Exercise details:
Only the lines below from the one containing "Photo 4 from" through the one containing "Cousin Basic Metal" belong in the answer, set down exactly, with the pictures left out.

Source information:
☆ ☆ ☆ ☆ ☆

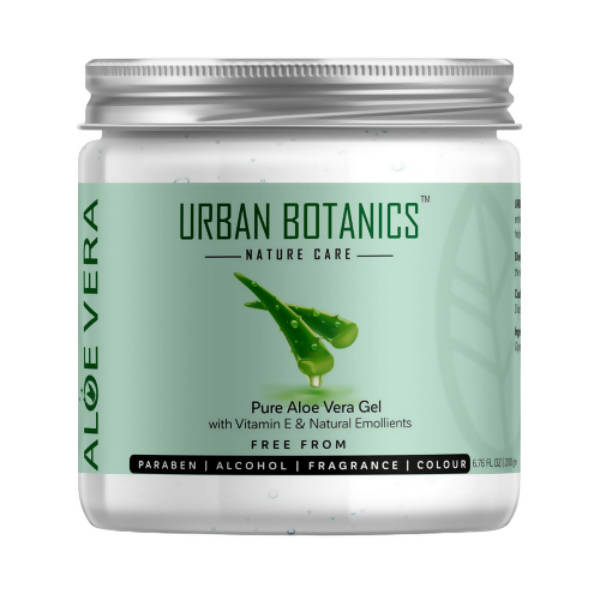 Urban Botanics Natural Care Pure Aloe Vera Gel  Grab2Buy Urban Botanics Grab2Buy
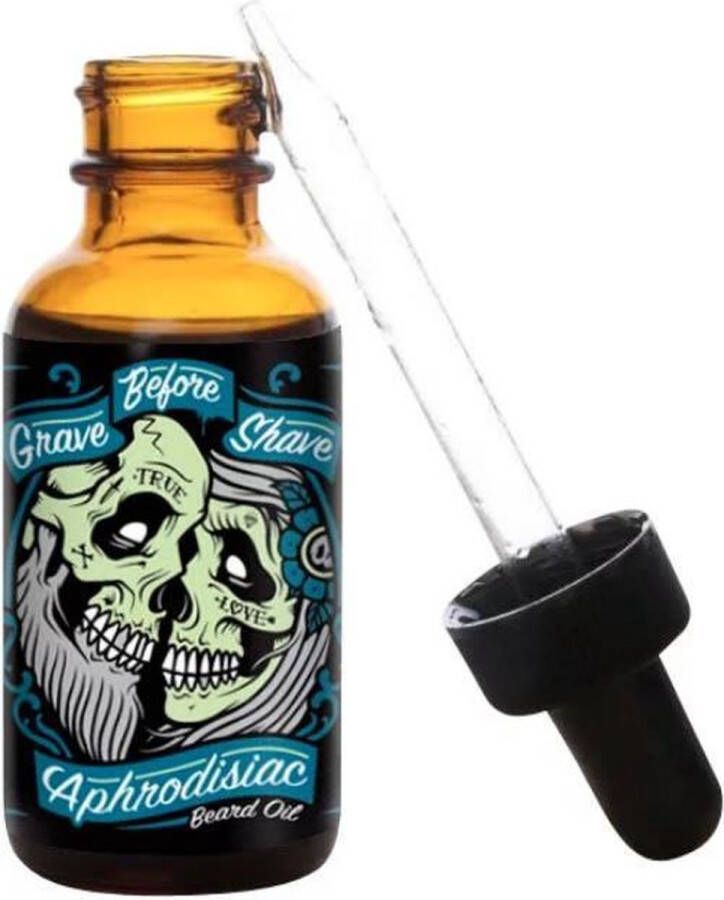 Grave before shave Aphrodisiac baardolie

☆ ☆ ☆ ☆ ☆

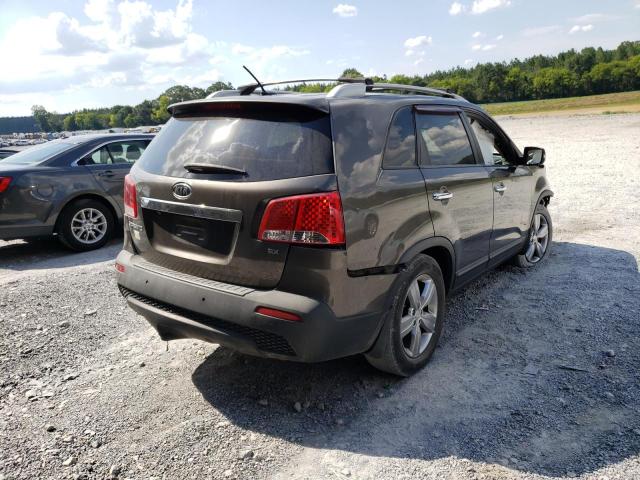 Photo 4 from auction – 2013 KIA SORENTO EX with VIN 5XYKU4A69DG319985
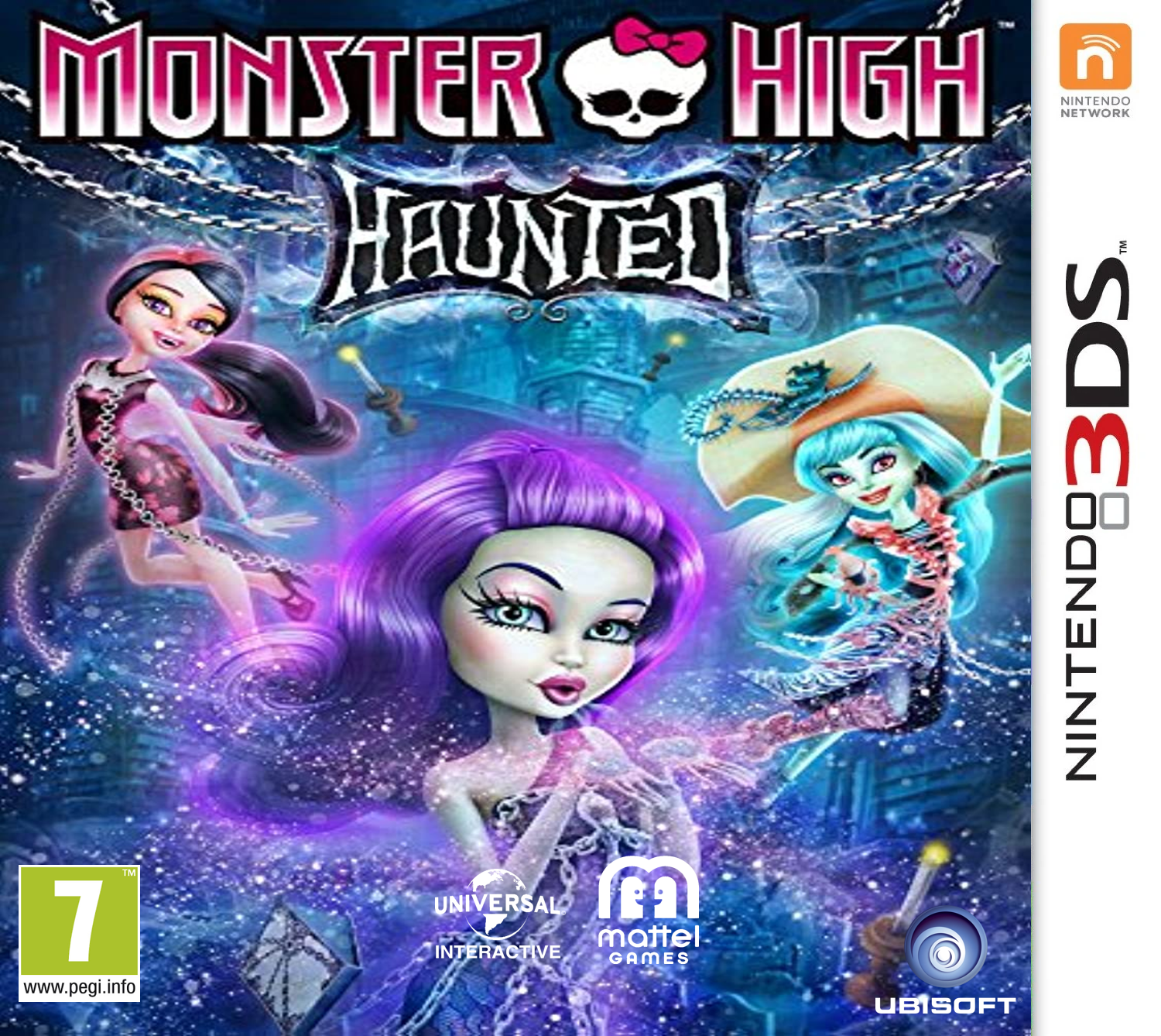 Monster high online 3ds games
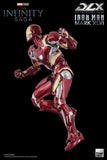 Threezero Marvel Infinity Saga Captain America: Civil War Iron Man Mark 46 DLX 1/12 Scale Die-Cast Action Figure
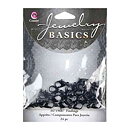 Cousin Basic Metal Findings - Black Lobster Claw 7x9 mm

☆ ☆ ☆ ☆ ☆

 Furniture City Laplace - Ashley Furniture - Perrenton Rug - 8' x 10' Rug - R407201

☆ ☆ ☆ ☆ ☆

Solution to the problem:
 Photo 4 from auction – 2013 KIA SORENTO EX with VIN 5XYKU4A69DG319985
 Monster high online 3ds games
 Threezero Marvel Infinity Saga Captain America: Civil War Iron Man Mark 46 DLX 1/12 Scale Die-Cast Action Figure
 Cousin Basic Metal Findings - Black Lobster Claw 7x9 mm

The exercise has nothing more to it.